Tuesday, 11 October 2011

In which Mum is not the word

I worry that the world is getting sillier. You might not think so, given that we no longer ride penny farthings or believe manure cures baldness, but then every so often a story comes along to confirm the theory. One came along last week. The word "Mumpreneur" has just been added to the Collins English Dictionary.

I'll just give you a moment there, to gather yourself, read the word again, say it out loud, and snort tea through your nose. Now mop it up. No, not with your slee- ah well, too late. Are we settled? Good, then I'll go on.

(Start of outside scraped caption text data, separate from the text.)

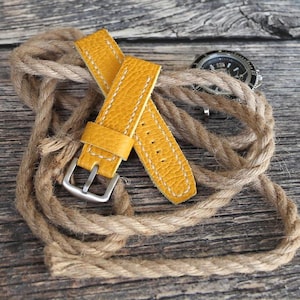 Handmade Yellow Leather Watch Strap: Italian Veg-Tanned Band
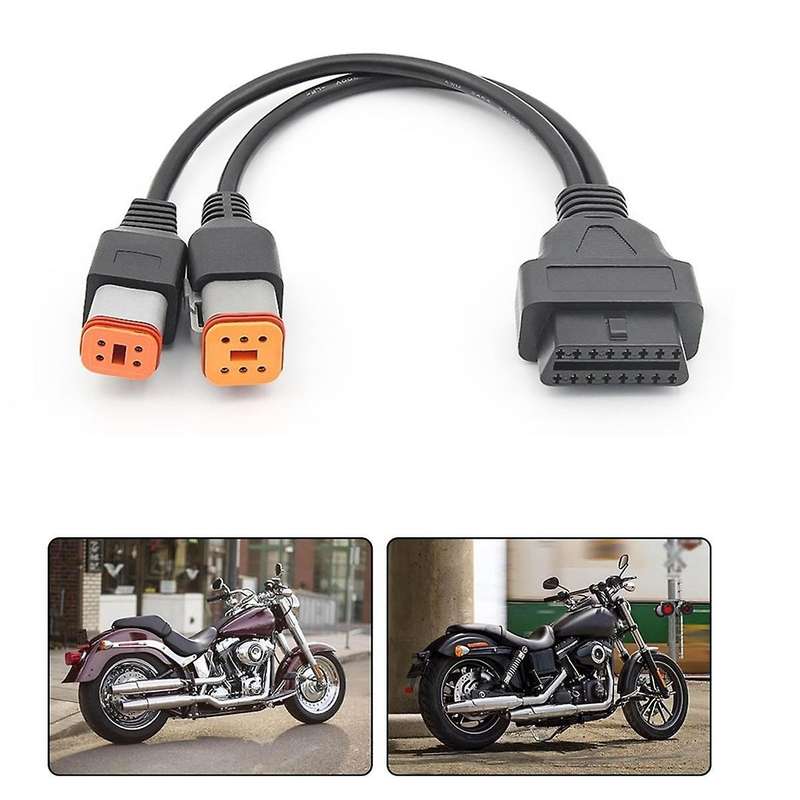OBD2 Cable for 4Pin+6Pin 2 in 1 Motorcycle OBD Scanner Adapter, Motorcycle Diagnostic Tool 16 Pin to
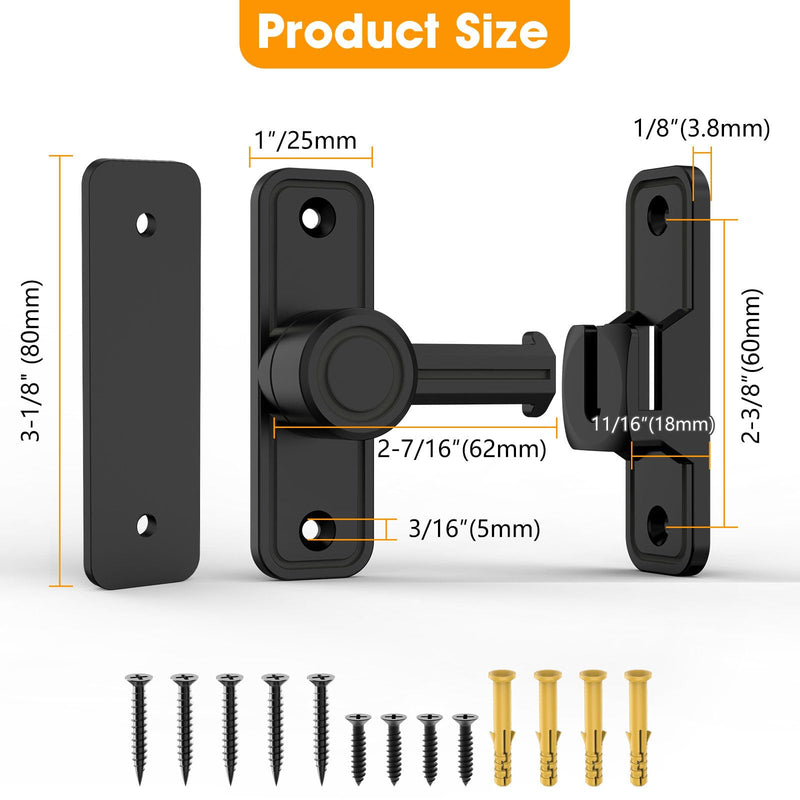 Sliding Barn Door Lock Hardware, 90 Degree Locks for Barn Doors, Flip Gate Latches for Garden, Bathroom, Outdoor, Garage, Window (2 Pack-Black) 2 Pack-Black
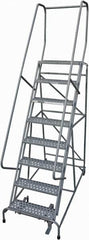 Cotterman - 110" 8 Step Rolling Warehouse Ladder - Rolling Safety Ladder, 450 Lb Capacity, 80" Platform Height, 32" Base Width x 58" Base Depth, Perforated Tread - Makers Industrial Supply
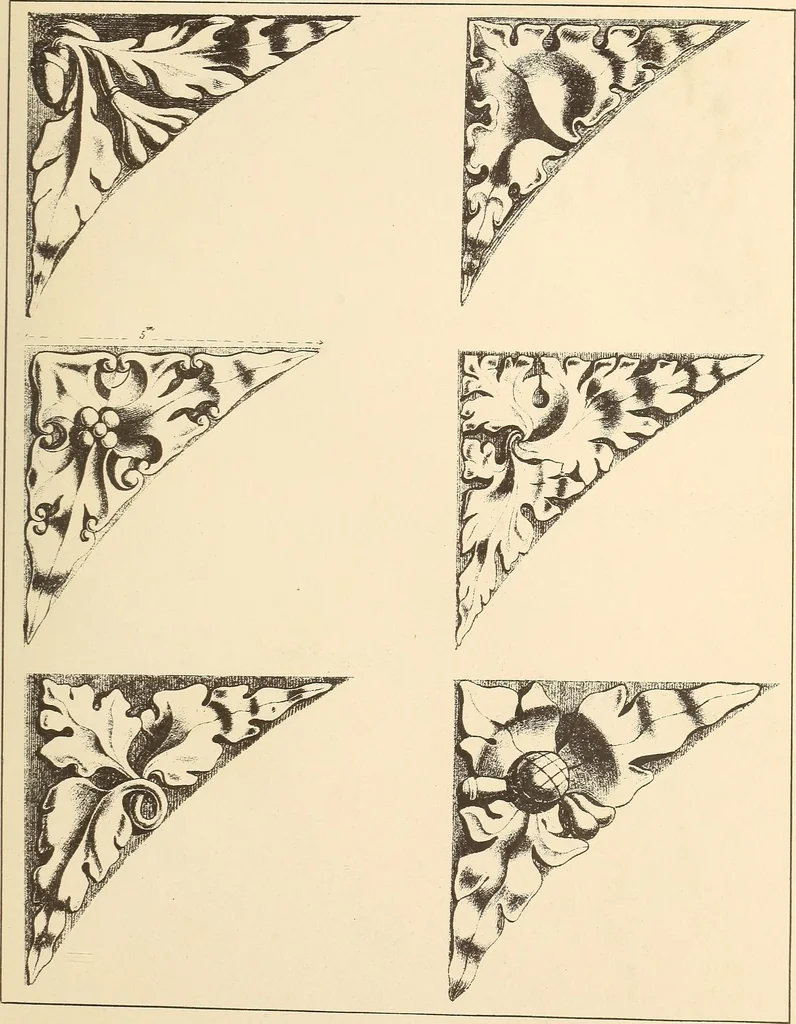 An illustration from Gothic ornaments, selected from various ancient buildings in England and France : exhibiting numerous specimens of every description of decorative detail, from the XIth. to the beginning of the XVIth. cent., 1900, leaf 163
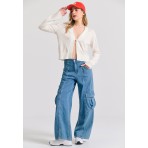Funky Buddha Linen Blend Γυναικεία Ζακέτα Πλεκτή Λευκή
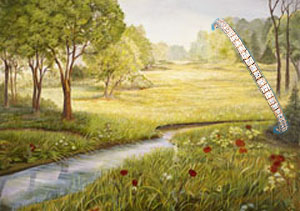 Spring Flowers landscape art print with square CZ tennis Bracelet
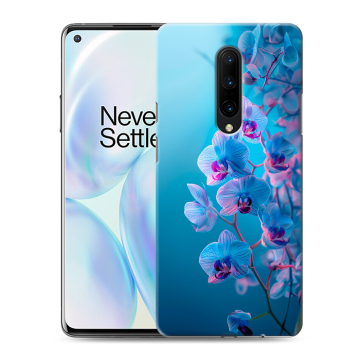 Силиконовый чехол на OnePlus 8 с принтом голубые орхидеи Силиконовый чехол на OnePlus 8 с принтом голубые орхидеи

There are several reasons that the news made me do a full-body shudder and a sherbet lemon face. Firstly, as the more astute among you might have noticed, the word simply doesn't work as a pun. It's a syllable short. It doesn't rhyme with the original word. "Mum-tre-preneur" is a slight improvement but still, frankly, stupid.

This pains me greatly, as I'm a big fan of punning - so much so that I've almost managed to build a career on it. The day I used the headline 'Better the Breville you know' on a selection of toasted sandwich recipes was one of my proudest life moments to date. But puns deserve respect, not this whimsical mangling. If we continue casually jamming words onto the front of other words with no regard for true pun power, we'll end up living inside the worst newspaper in the world. What if 'Ladyecutive' becomes a term? Or 'womeeting'? When will people learn that being female doesn't mean we need our own set of special, rose-scented terms to dress up life's more serious facets? The original words will do just fine.


Which brings us neatly to the second reason. It is a pointless word. It means 'a woman who combines running a business with looking after children' - and there is a word for that. It's entrepreneur. Y'know, that word we already have, which makes no specification on gender or parental status in the first place. Not only does labelling women with a twee pretend-title belittle their achievements (both in boardrooms and delivery rooms), but it's also a rough deal for the bog standard entrepreneurs without Mummy-caches to their names.

Why are there no Dadpreneurs? Those businessmen in American movies who walk out of the Big Meeting to race across town to their kid's oboe recital, they never got a special name. Except Chip or Brad or something, I guess.

Lastly, the most immediate of all reasons - it's naff. Use the word Mumpreneur and you have instantly reduced the subject to a Boden-clad mimsy selling organic jams at a farmers' market. It has no dignity, no clout. It suggests you might deliver quarterly reports written in glitter glue, with an unidentified stain in the corner.

Let's just be clear - being a mother is one of the most admirable things to be in the world. Mums can locate a lost PE kit, pay a gas bill and wipe a spitty hanky over your face with one hand while making a fully authentic Roman battle helmet out of papier mache with the other. Mums are terrific. But I'm no more likely to invest in your business because you've given the miracle of life to multiple miniature people. Stop ovary-boasting. It's irrelevant.

Think up a good pun, on the other hand, and we might have a deal.